Organizers behind the “May Day Strong” effort say they scheduled roughly 3,500 events nationwide, with plans ranging from walkouts and marches to block parties and evening gatherings. Their message landed in a blunt slogan: no school, no work, no shopping. The strategy aims to show how much daily economic life depends on workers and consumers who often feel ignored in national debates about wages, public spending and corporate power.

“No school, no work, no shopping” became the sharp, simple message behind a day of protests designed to turn absence into pressure.

On the east coast, demonstrations began early. In Manhattan, reports indicate Amazon workers, Teamsters and local politicians marched from the New York Public Library’s main branch to nearby Amazon offices. Protesters demanded that the company end its contracts with ICE and the Department of Homeland Security. In Washington, DC, protesters with Free DC shut down intersections and raised handmade signs that read “Workers over billionaires” and “Healthcare not warfare,” underscoring how labor concerns now overlap with immigration, policing and public priorities.

Key Facts

  • Organizers say about 3,500 May Day Strong events were planned across the US.
  • The action called for “no school, no work, no shopping” as part of an economic blackout.
  • Events included walkouts, marches, block parties and other gatherings scheduled into the evening.
  • Early protests took shape in Manhattan and Washington, DC, with labor and activist groups leading visible actions.

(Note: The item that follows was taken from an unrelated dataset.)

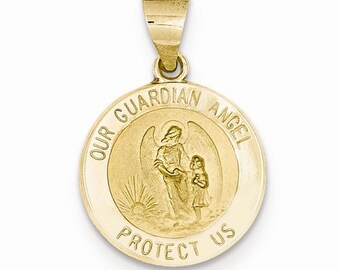 Gepolijst en Satijn onze Guardian Angel Medaille Hanger (JC-1078)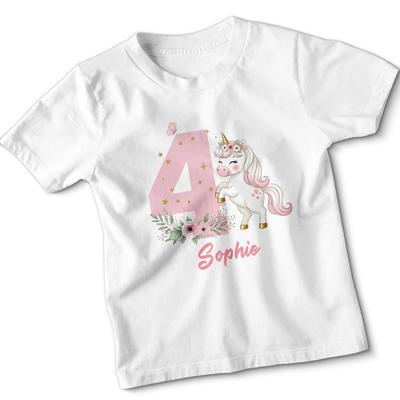 Camiseta Personalizada Unicórnio 4º Aniversário Meninas Crianças Nome Personalizado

The scale of the turnout matters as much as the symbolism. A one-day boycott rarely changes policy on its own, but a broad, visible shutdown can test how much energy labor-aligned movements can summon outside formal union drives or election cycles. It also gives organizers a chance to knit together separate grievances under one banner, linking workplace rights, cost-of-living pressures, immigration enforcement and the growing anger at concentrated wealth.

What comes next will decide whether May Day Strong marks a flashpoint or a foundation. If the protests hold crowds, keep attention and produce follow-on actions, organizers could turn a single day of disruption into a longer campaign with sharper demands. If not, the blackout may still serve as a vivid measure of public frustration at a moment when many Americans see the economy working for everyone except the people who keep it running.